Swooping on a firm whose share price has been sapped by controversy, Charterhouse made the offer as G4S tries to salvage its relationship with the British government, a major client, after a series of blunders, including its failure to supply enough security guards for the 2012 London Olympics.

G4S faced new unwelcome publicity yesterday when it denied an allegation that its employees had abused inmates at a prison it ran in South Africa.

For the group, which employees 620,000 people in 120 countries, cash handling is an important part of it growth strategy.

The company services range from managing jails to protecting sports stars, such as tennis players at Wimbledon.

The cash unit, which distributes notes and coins for banks and shops using armoured trucks, accounted for about 18 per cent of G4S’s £7.3 billion turnover last year.
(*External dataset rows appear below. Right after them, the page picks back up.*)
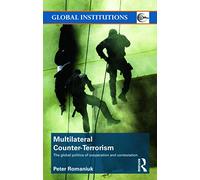 Multilateral Counter-Terrorism: The global politics of cooperation and contestation (Global Institutions)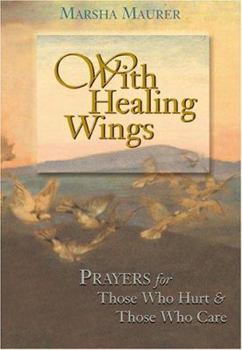 Hardcover With Healing Wings: Prayers for Those Who Hurt and Those Who Care Book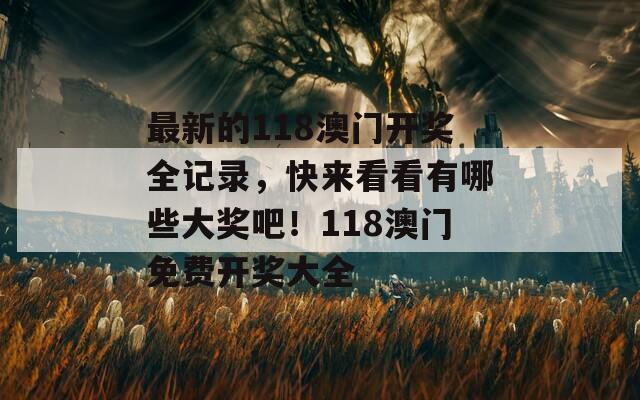 最新的118澳门开奖全记录，快来看看有哪些大奖吧！118澳门免费开奖大全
“We think G4S was right to reject the bid, on both valuation and strategic grounds,” JP Morgan analysts said.

The analysts said the offer, after taking into account the company’s debt, valued the unit at 7.1 times enterprise value to earnings before interest, tax and amortisation, compared to the 2013 valuation of 12.1 times for the whole group.

Shareholder Threadneedle Investments, which owns a 1.3 per cent stake in G4S, said it supported the rejection, des­cribing the offer as low for a strate­gically important and strongly performing part of the company.